If your idea of a car is something bigger than a penalty box, or more powerful than a moped, or maybe slightly fun to drive, then I suggest you get yourself down to your local dealer (assuming he hasn’t already folded), pronto, and buy yourself something pretty. It might just be your last chance for a good long while.
President Obama put his signature to new CAFE rules last week, requiring that by 2016, automakers must meet fleet-wide gas mileage averages of 39 mpg for cars and 30 for trucks. This is easy enough to accomplish — build smaller vehicles with smaller engines. Although I can tell you how well that’s going to go over here in Colorado, where getting trapped behind a Prius (or an Aveo or any other wind-up toy car) on a steep incline means growing a full beard before cresting the hill.
Now imagine a Ford F-150 trying to make it up to the Eisenhower Tunnel with a full load of construction equipment and a two-liter four-banger under the hood. You’ll have facial growth like one of the ZZ Top guys before it’s all over, maybe even if you’re a girl.
If you think I’m exaggerating, think again. The anonymous “Mechanic,” writing for Edmunds, worries that the new CAFE standards
won’t save much fuel and won’t save the planet, but they will crush the life out of the car business. From here on out, cars are going to shrink in size, shrivel in power and grow more expensive.
With a goal of a corporate fleet average of 39 mpg for cars by 2016 model year it’s not just V8s that are dead, but V6s and decent-size fours. Of course all the SUVs and the Camaro, Mustang and Corvette as we know them are doomed, that’s obvious, but so are reasonably size minivans, midsize sedans like the Accord and Camry, and anything fun.

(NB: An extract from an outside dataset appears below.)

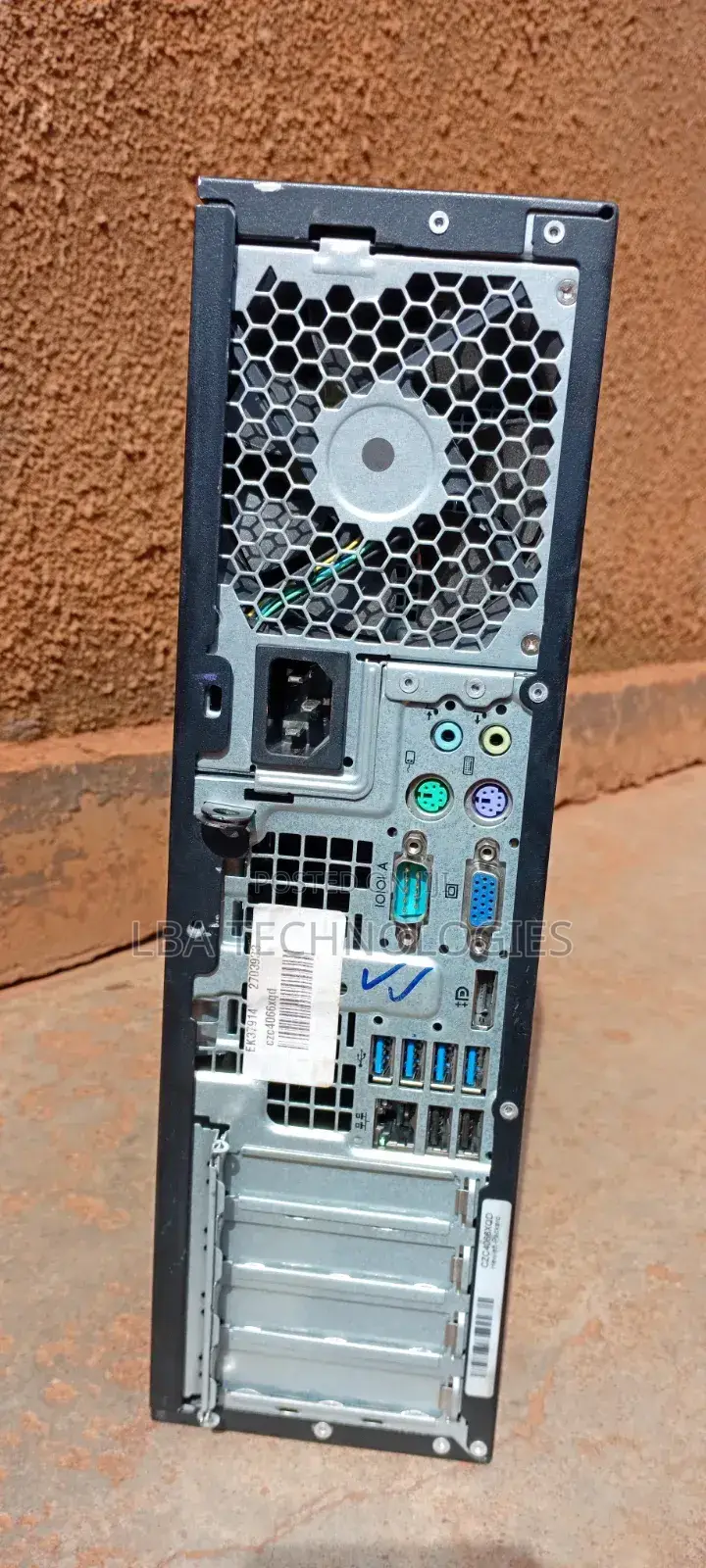 Desktop Computer HP 4GB AMD A8 HDD 500GB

And if you have even any small interest in seeing what’s left of Detroit survive, now would be a good time to look on Obama’s works, ye mighty, and despair. Chrysler’s plan is to somehow, someday import FIAT’s small cars. GM has never competed well in the small-car segment, and Ford can’t even sell its well-regarded “Euro Focus” domestically at a profit.
Is there a silver pinstripe anywhere in these dark clouds? Yes: There might be cheating. Lots and lots of cheating. What, automakers will game federal regulations to please their customers? Hard to believe, but it does happen. Remember that the whole gas-guzzling SUV craze got all … crazy … under the current CAFE rules, which seemed pretty stringent when they were first written. But as written, minivans and even the PT Cruiser counted under the rules as “trucks,” which meant lighter requirements. That legal trickery probably postponed Chrysler’s bankruptcy by a good twenty years or more.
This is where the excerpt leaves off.